Problem to work on | The records that follow are to be reproduced exactly. Any pictures in them are left out.

Crawled caption data:
■ ■ ■ ■ ■
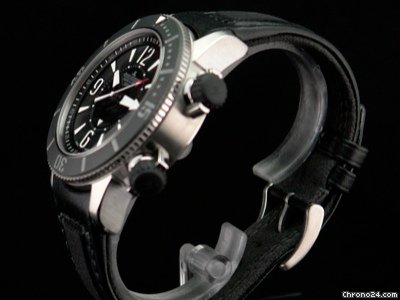 replica Jaeger-LeCoultre Master Compressor Diving Alarm Navy SEALs  NEU WATCHES 1 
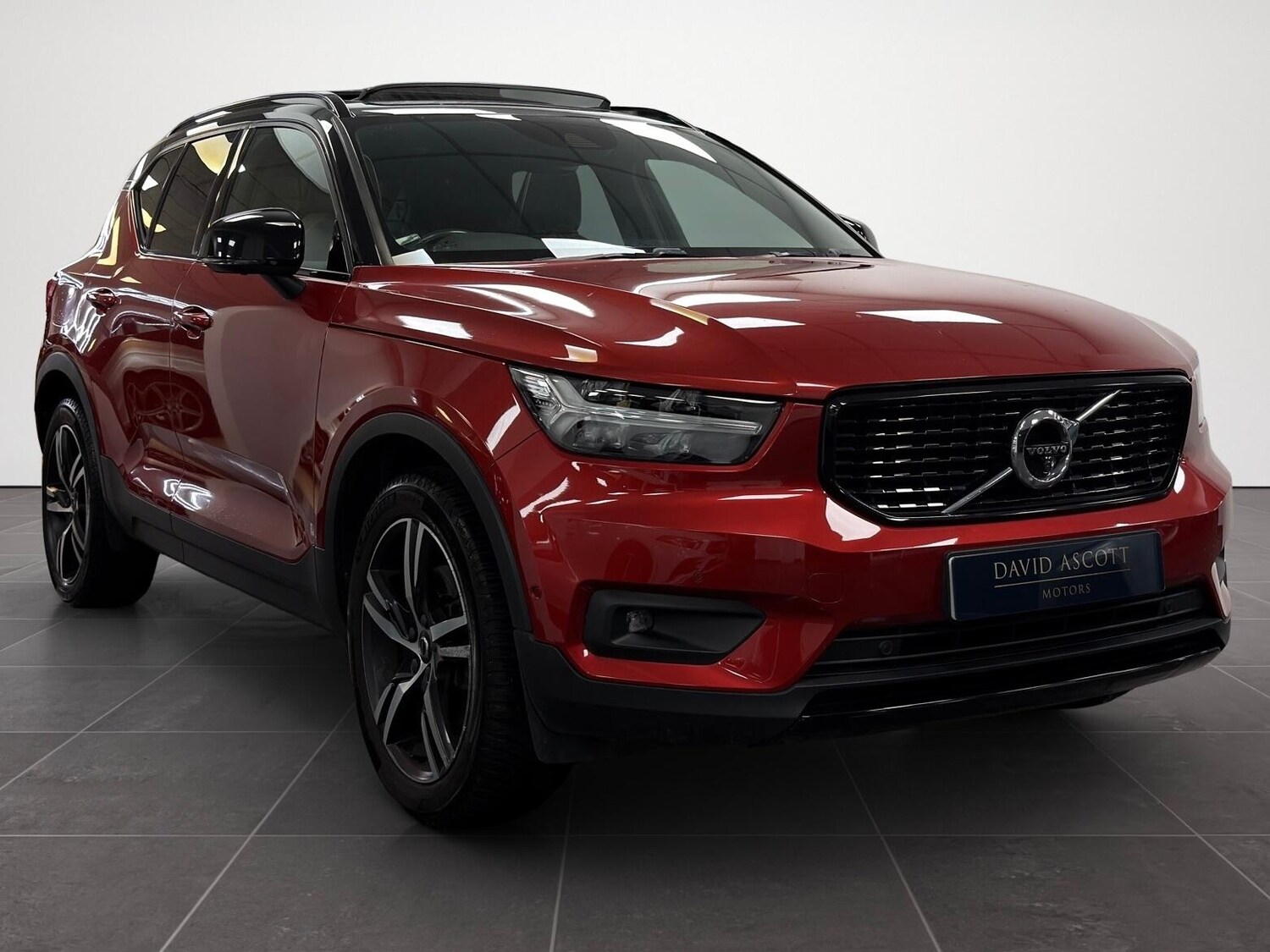 Used Volvo XC40 2018 for sale - 77762472: Photo 4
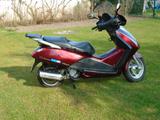 Suzuki Burgman 200 - SUZUKI BURGMAN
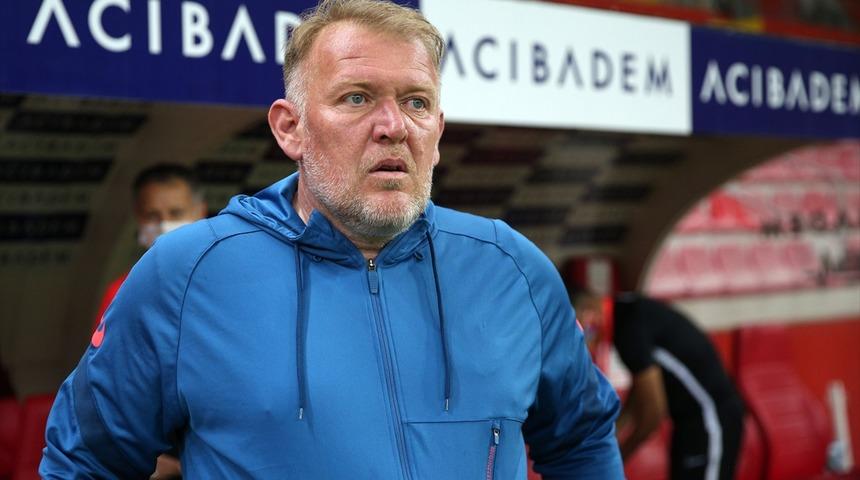 Kayserispor'da Prosinecki, Beşiktaş maçı sonrası açıklamalarda bulundu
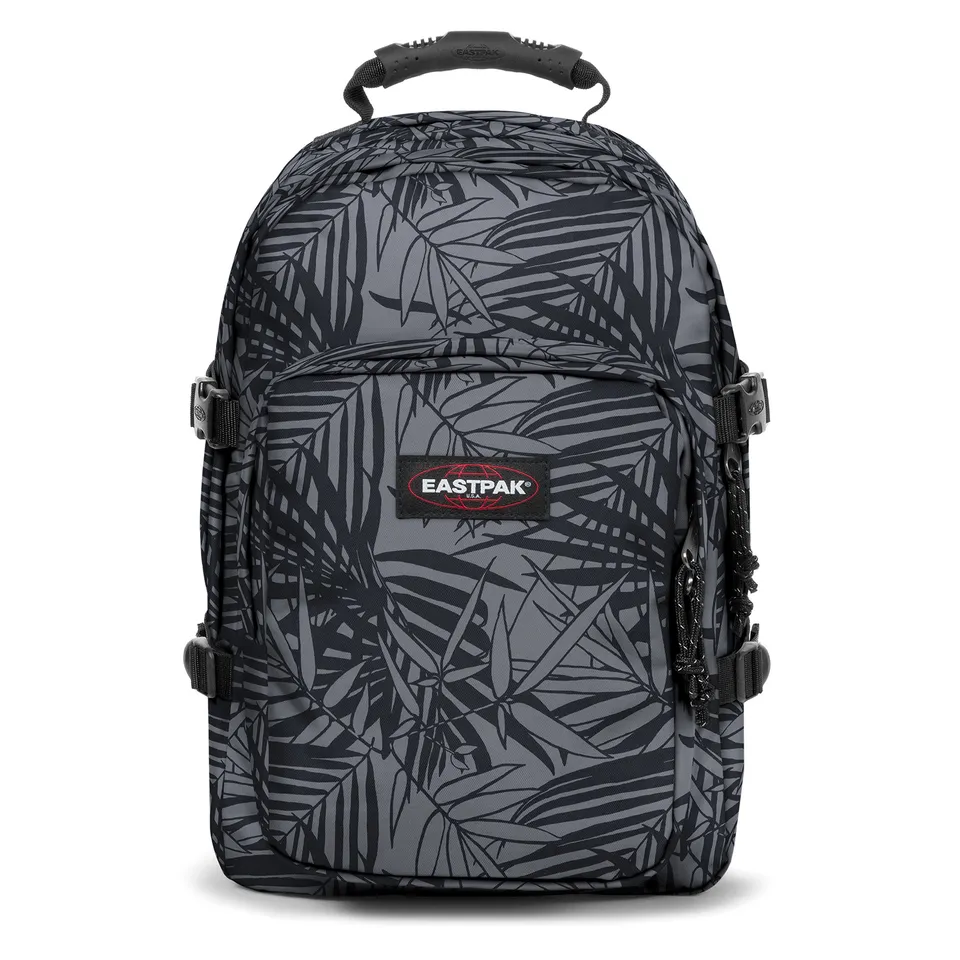 eastpak-provider-rucksack-33-l-leaves-black-44-cm-gepolstertes-laptopfach image 1
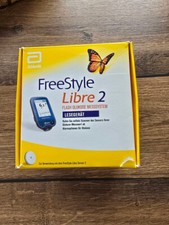 Freestyle libre2 lesegerät gebraucht kaufen  Ludwigsfelde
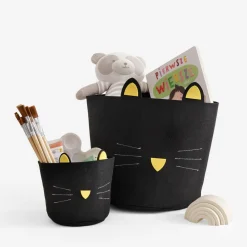 Przechowywanie|Pudełka I Pojemniki Do Przechowywania|inny Pudełko do przechowywania KOT 30x29 cm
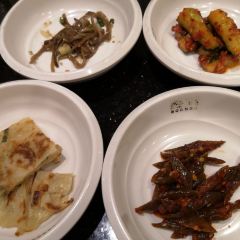 笑谈小街·韩国料理(番禺店) User Photo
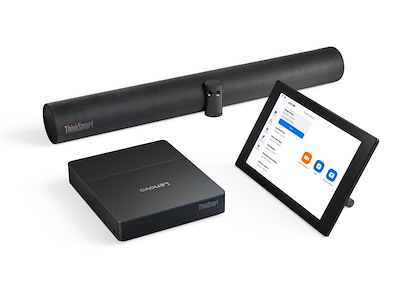 Lenovo ThinkSmart Core Gen 2 for Zoom system til videokonference Ethernet LAN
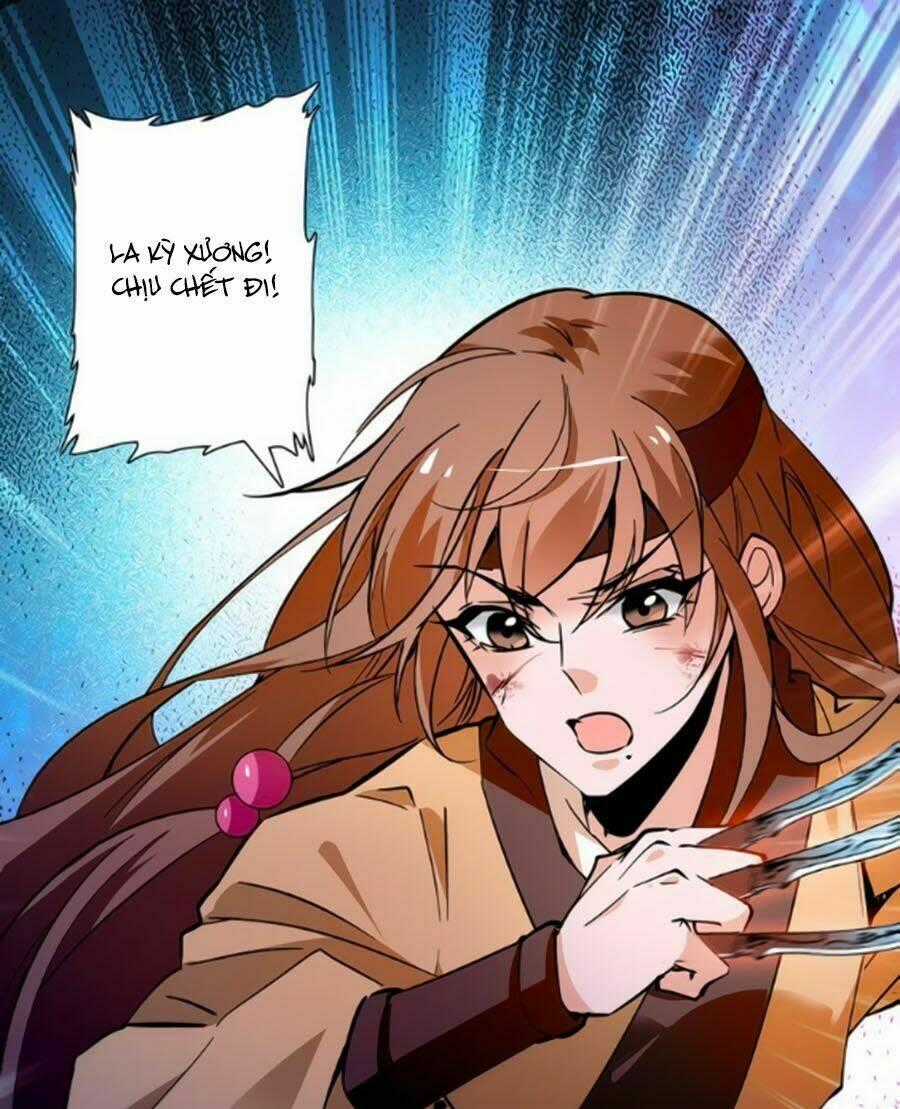 Hoàng Thượng! Hãy Sủng Ái Ta Đi! Chapter 49 trang 0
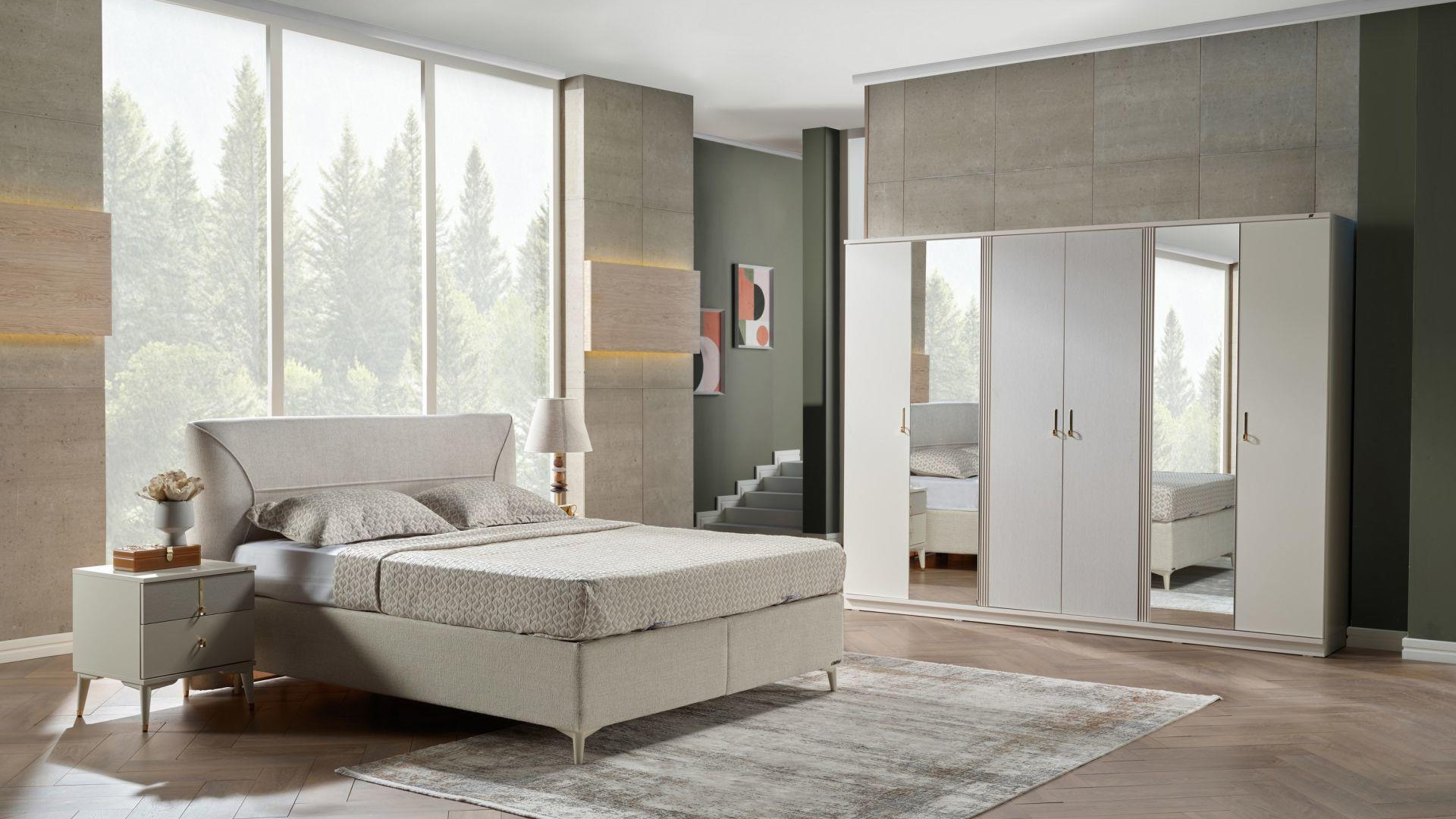 Alya Schlafzimmer Set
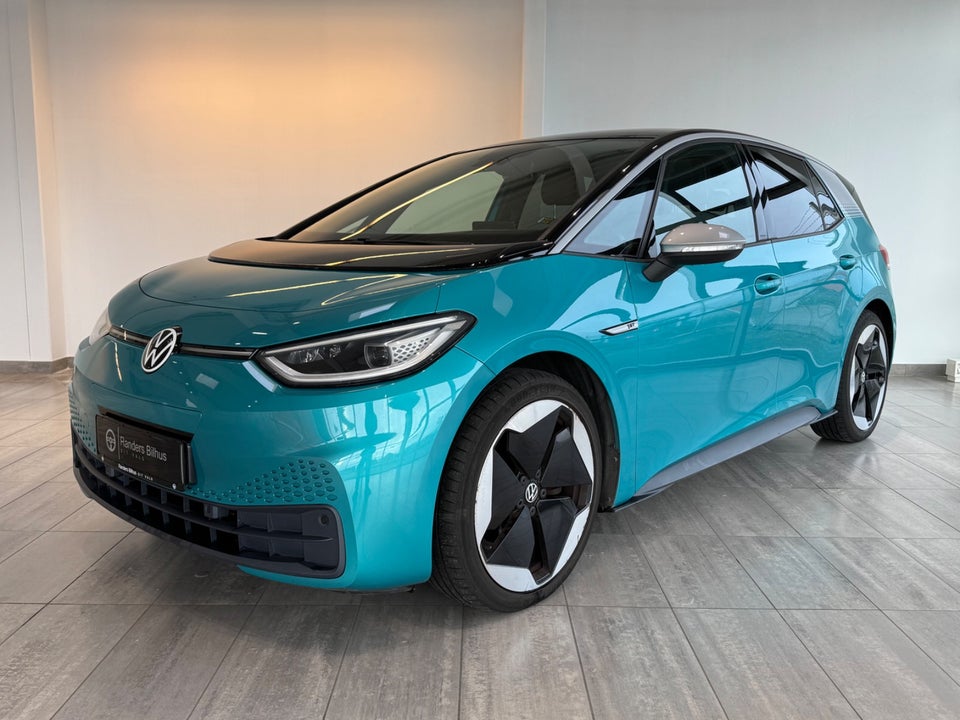 VW ID.3 58 1ST Pro Performance Max 5d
■ ■ ■ ■ ■
Result of the exercise |
 replica Jaeger-LeCoultre Master Compressor Diving Alarm Navy SEALs  NEU WATCHES 1 
 Used Volvo XC40 2018 for sale - 77762472: Photo 4
 Suzuki Burgman 200 - SUZUKI BURGMAN
 Kayserispor'da Prosinecki, Beşiktaş maçı sonrası açıklamalarda bulundu
 eastpak-provider-rucksack-33-l-leaves-black-44-cm-gepolstertes-laptopfach image 1
 Freestyle libre2 lesegerät gebraucht kaufen  Ludwigsfelde
 Przechowywanie|Pudełka I Pojemniki Do Przechowywania|inny Pudełko do przechowywania KOT 30x29 cm
 笑谈小街·韩国料理(番禺店) User Photo
 Lenovo ThinkSmart Core Gen 2 for Zoom system til videokonference Ethernet LAN
 Hoàng Thượng! Hãy Sủng Ái Ta Đi! Chapter 49 trang 0
 Alya Schlafzimmer Set
 VW ID.3 58 1ST Pro Performance Max 5d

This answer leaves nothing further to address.